I hear the squeal of the hog in the distance as I am braiding a cot together with palm leaves, trying to remember how to cross them correctly. I stand, leaving the cave, to see Stone walking toward the cave with the hog across his shoulders.
He is nearly naked, in nothing but that loincloth, his chest glistening with sweat, the bloody knife in his hand. My mouth waters.
He is ripped, wild, and feral – giving me a grin that makes my belly flip-flop.
“Hungry?” he asks.
“Starving,” I say, the double entendre lost on him. But oh my god, none of it is lost on me. I pretend to work on the cot for the next hour, but in reality I am just staring at Stone as he guts the warthog so we can have supper. His biceps flex, the muscles in his back too, and I have a primal desire to climb up that mountain of a man and let him know he can feast on me.
I don’t do that, though. Of course not. And it’s not because I’m a virgin. It’s because I cannot ruin what I have here. Someone willing to look out for me, keep me safe. If I make a move that he doesn’t want, he might look at me differently. And then where will that leave me?

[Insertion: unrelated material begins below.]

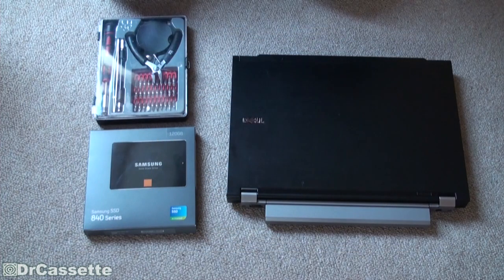Hello there YouTubers and welcome to another Dr. Cassette video. Today we're going to replace the hard disk drive in the Dell Latitude E4300 laptop with an SSD.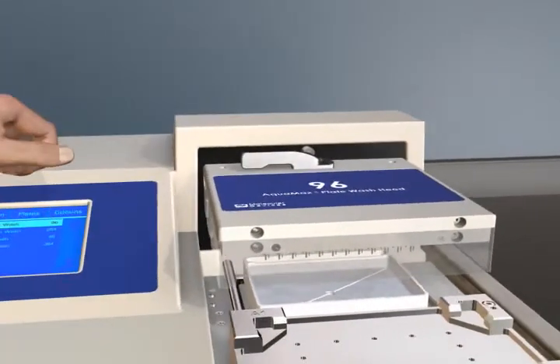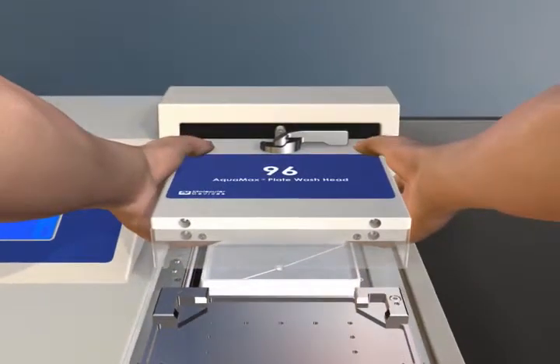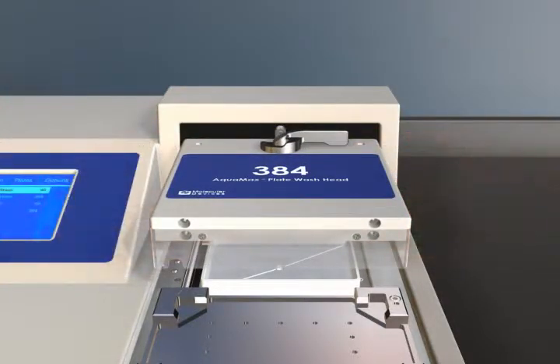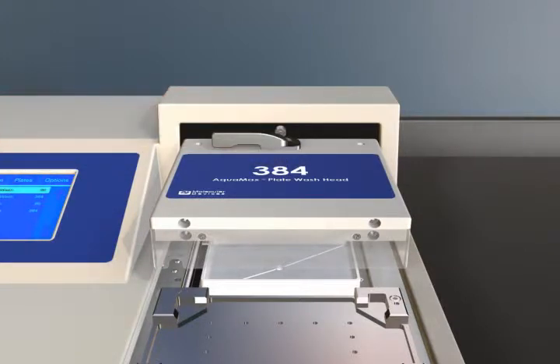No tools, alignment, or calibration is required for replacement and/or installation of the heads. 96 or 384 heads can be attached with a simple lever mechanism, providing an easy upgrade path from 96 to 384 formats.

I don’t want to be alone out here in the wild.
We work like that for the rest of the day. I eventually get more focused and use the zip ties that are in my backpack to secure a cot for myself as he finishes cleaning the hog. Blood pours like a river down the dirt and the smell is a little wretched but still, every once in a while, I take a quick look over my shoulder, seeing his muscles tense as he works to keep us alive.
Later, when we go to bed at night, my stomach is full from the meat he cooked over the open pit. And while I'm still stunned to be here, I'm less tense than I was the night before.
And though I’m not hungry, my body is out of sorts as I look over at him lying on his bed, wishing he were closer.r />
When I wake in the morning, it's like life is on repeat. Collect water, hunt for food, watch out for wild animals, work, sleep, work, sleep. Suddenly, I've been here a week. Then two. Then three.
The energy between Stone and I is hard to understand. There are moments of affection, but then he always pulls back. He’ll reach for my hand, then let it go when what I really want is for him to hold on tight.
He's a hard read and I know he was lonely before I came, but I think he's on edge. Scared to do or say anything that might upset me. He doesn't want me to run away. Probably because I threatened to twice in the first twelve hours I was here.
He doesn't want to lose me, but it makes me think he also doesn't want me like that, which is fine. I'm probably not his type, though for a caveman like him, what is his type?
But by the end of the third week, I'm tired of working. I groan as I get out of bed, my muscles sore. The work I've been doing is way harder than any cardio I've ever sweated out at a gym. This is backbreaking work. No wonder the cavemen didn't live long. They were fighting tooth and nail for every breath they took. Nothing was easy.
I push away my fears that the rest of my life is going to be hard and try to smile.
"Let's have some coffee," I say as Stone adds some kindling to the fire. "I know we said we should only use it every once in a while but I think today we should take the day off. I want to look in the caves and see if there is something we can do to get out of here.”
Stone lifts his chin. “This is where you live now, Skylar. This is your home whether you like it or not."
My eyes narrow. "Don't say that. I'm going to figure out a way to get out of here. I'm going to go back to those caves, and I'm going to see if I can do something to trigger the time travel. There's got to be something."
“It’s impossible. I spent months doing the same damn thing. Went down to the caves for years, every day trying to get the hell out of this place, but couldn’t find any magic doorway to help me escape. There's nothing I could do to start the charge that made the cave spin and made me wind up here," he tells me.”